I would suggest that this work starts at the Cross of Christ. I am not trying to be overly simplistic, I just know beyond a shadow of a doubt that this is where it has to start. If the root of our problem has to do with us not being in proper relationship with God, then that is where we have to start to do work in order to reclaim our very goodness. You see, in the death and resurrection of Jesus Christ, a way was made for us to enter back into creation with God. The Apostle Paul in 2 Corinthians 5 calls this creation a new creation in that all of the mess, shame, and sin that we were accustomed to has passed away and we have become completely new.

It is out of this renewed relationship with God that we are able to begin to deal with our inadequacies and become who we were always meant to be.
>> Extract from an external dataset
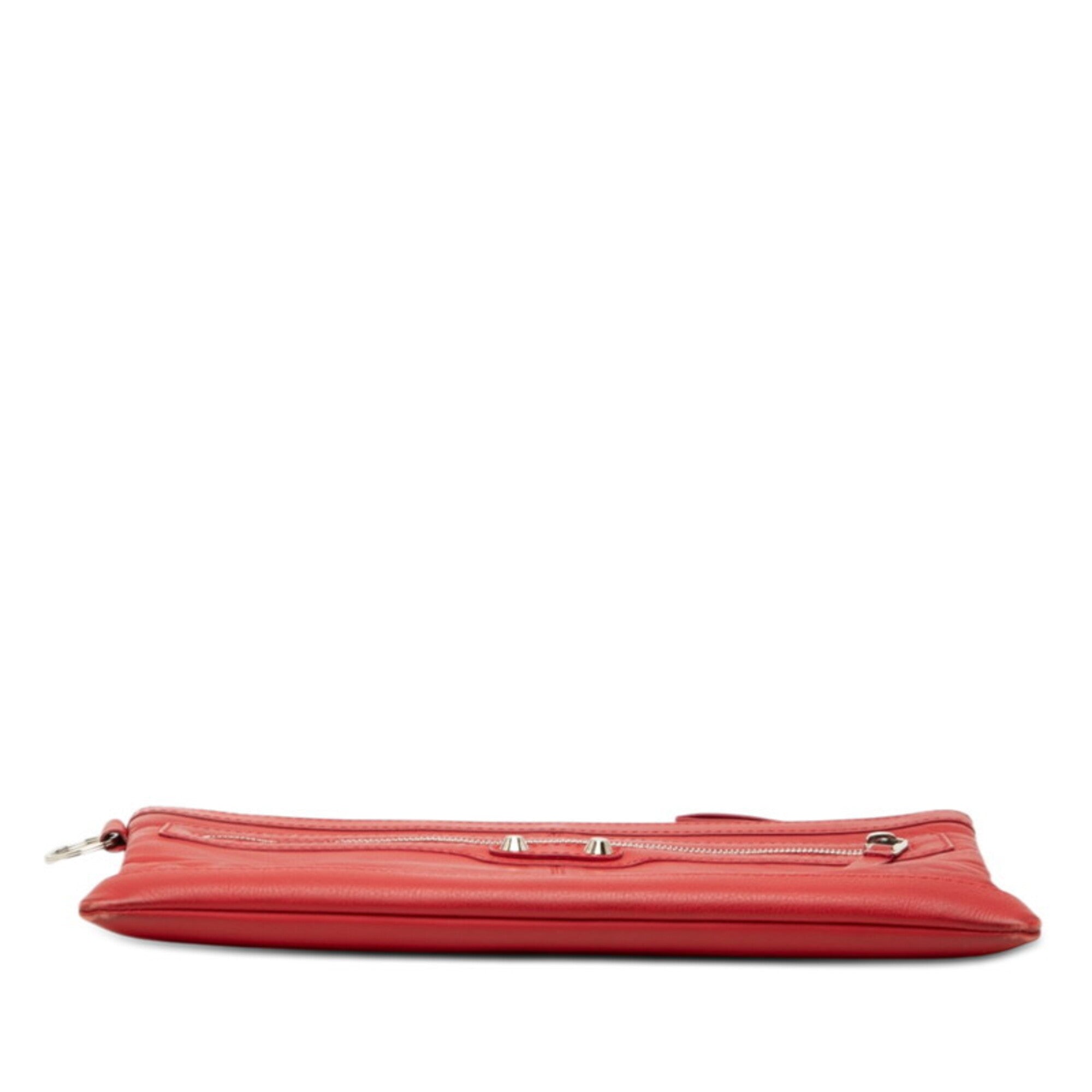 Balenciaga Red Color Leather Clutch Bag (Pre-Owned)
It does not happen over night, but as we consciously and consistently meditate on the Word of God, we begin to change. We begin to feel so complete, so full in Christ that there is no longer any need to dump all over someone else. We begin to become whole and functioning human beings that we no longer feel the need to divide, conquer and oppress someone else just because they threaten who we are. In fact, we are no longer threatened.

I am a huge social justice advocate and enthusiast. I believe that there are systems in our world, such as racism, classim, and sexism, that keep people in power in power and that also only reinforce the stereotypes of the poor colored masses so that they stay out of power. But for me, this is not the issue. Yes they are things that need to be addressed so that systems and situations will change, but it only gets at a part of the problem. The problem is a human problem, a worldwide problem, centering around who we are as individuals. It is only until we are willing to do work around that, and reclaim the goodness that we lost, that the work around social justice even has a chance.